This is the second of a two-part blog post that discusses incorporating data management and data sharing plans into researcher workflows. The first blog in the series, by CLIR/DLF Postdoctoral Fellow Kendall Roark, appeared last week.
Traditionally, librarians have been involved at the beginning and the end of the research process, assisting researchers with finding information and with disseminating information. With the changing data landscape, however, it is important for the library to participate in other aspects of research. A librarian who can provide concise and customized training in needed areas—for example, documentation in the process of data collection—will be valuable to the research team.
In the life sciences, even the original collaboration points between researchers and librarians are changing with the growing influence of Big Data. For instance, the literature search at the beginning of a research project may be supplemented by a data set search. Discovering relevant data is hard, so keeping track of the new databases as well as all the clicks that go into doing a search are important skills that librarians can teach researchers. The number of NCBI (National Center for Biotechnology Information) databases alone has exploded over the past five years, and while it is great that they are interconnected, it is very hard to keep track of how a particular piece of information was found. Introducing researchers to MyNCBI and the ability to save recent searches and results will make their lives a lot easier. For example, one of the oldest tools available there—BLAST—searches for homologous (similar) DNA sequences. It’s a gold mine for teaching a search strategy based on filtering organisms, experimentally proven functions, and, for those who want to dig in more, the meaning of the E-value.
Another point of collaboration is in developing folder hierarchies before a project starts. Once a system is in place, there is little chance that a researcher will redo it. Suggesting good naming for the specific project adds value to a researcher’s documentation process. A lot of life scientists use Excel spreadsheets, so introducing spreadsheet best practices in a researcher’s field is another key education point. Try to be as specific as possible: find the metadata schema used in their field, present it to them, and find out how much of it is relevant during the data collection process.
I have found that a seminar on lab notebooks is a good way to get researchers’ attention. Lab notebooks are supposed to contain all the information necessary to reproduce an experiment. However, notebook maintenance is not taught in every lab, and the problem of good record keeping is complicated by the fact that while previously all measurements were recorded directly into the notebook, most data are now digital. There is little advice on how to manage the digital files that are produced by experiments, so librarians can help by providing file naming best practices. Researchers understand the problem from personal experience, so lab notebook management is a perfect educational seminar to offer when reaching out to scientists for the first time.
I would also recommend learning more about tools for data management. The process is time-consuming, so anything that can be automated should be. For instance, listing a large number of files resulting from a microscopy experiment can be done with Directory List & Print, which outputs the file names and paths in a document that can be further edited with information about the file content (e.g., what was on that microscope slide?). Electronic Lab Notebooks are becoming more widely accepted. Many have free demo periods, and I would encourage librarians to test and explore them. OneNote, Evernote, LabArchives, RSpace (redesigned eCat) and LabGuru would all be good places to start. There are many others (University of Utah has a long list), and some are more field-focused than others, so it is helpful to know researchers' needs when exploring the notebooks.
Another tool for data management is Quartzy. It is a free tool used for building inventories and is very easy to learn. Inventory building is management of physical specimens and reagents, many of which are shared among the team. This is a perfect opportunity for librarians to suggest organizing strategies for labs. When talking to researchers about this tool, ask if they have encountered boxes of Eppendorf tubes left around for years—tubes nobody dares to use and nobody dares to throw out.

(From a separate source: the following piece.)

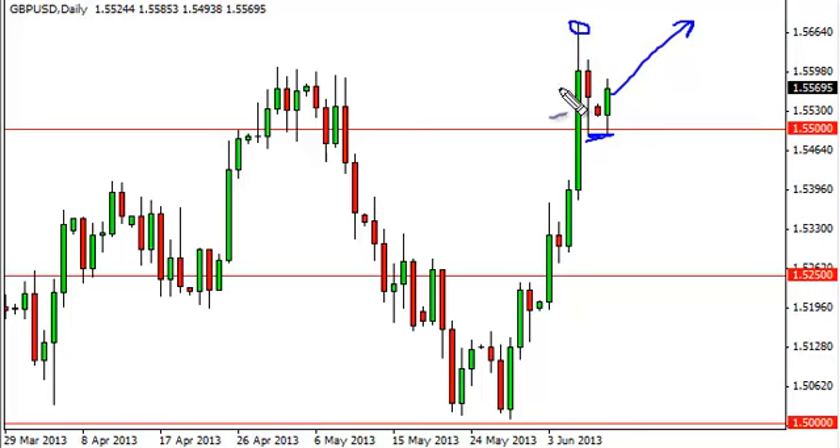We would be much more comfortable if we managed to break the recent high, obviously, but certainly can't sell regardless. It isn't until we get well and close well below the 1.55 level on a daily candle that we could consider selling at that point.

Finally, I suggest that data managers explore REDCap. This tool generates forms with built-in data management requirements and helps keep track of longitudinal projects. For example, entries for certain fields can be required and the type of data can be validated. The longitudinal study forms essentially create a database. Linking between separate projects is also possible (with the help of the institution’s REDCap administrator). REDCap is used in clinical studies, but I am currently finishing a project designing a record-tracking database for an animal study. As the user becomes more familiar with the tool, new ideas will surface on how to use it.
A librarian who keeps current with emerging databases and data management tools will bring added value to any research group. Such a person will bring understanding of how to efficiently use the tools and how to apply the best-practices standards to the researchers’ specific situation. At the end of the day, data managed along the way is easier to find and easier to use.
Vessela Ensberg is a data curation analyst at the UCLA Biomedical Library and at the UCLA Social Sciences Data Archive. She holds a Ph.D. in Cellular and Molecular Biology from the University of Wisconsin–Madison, and is a former CLIR/DLF Fellow in Data Curation.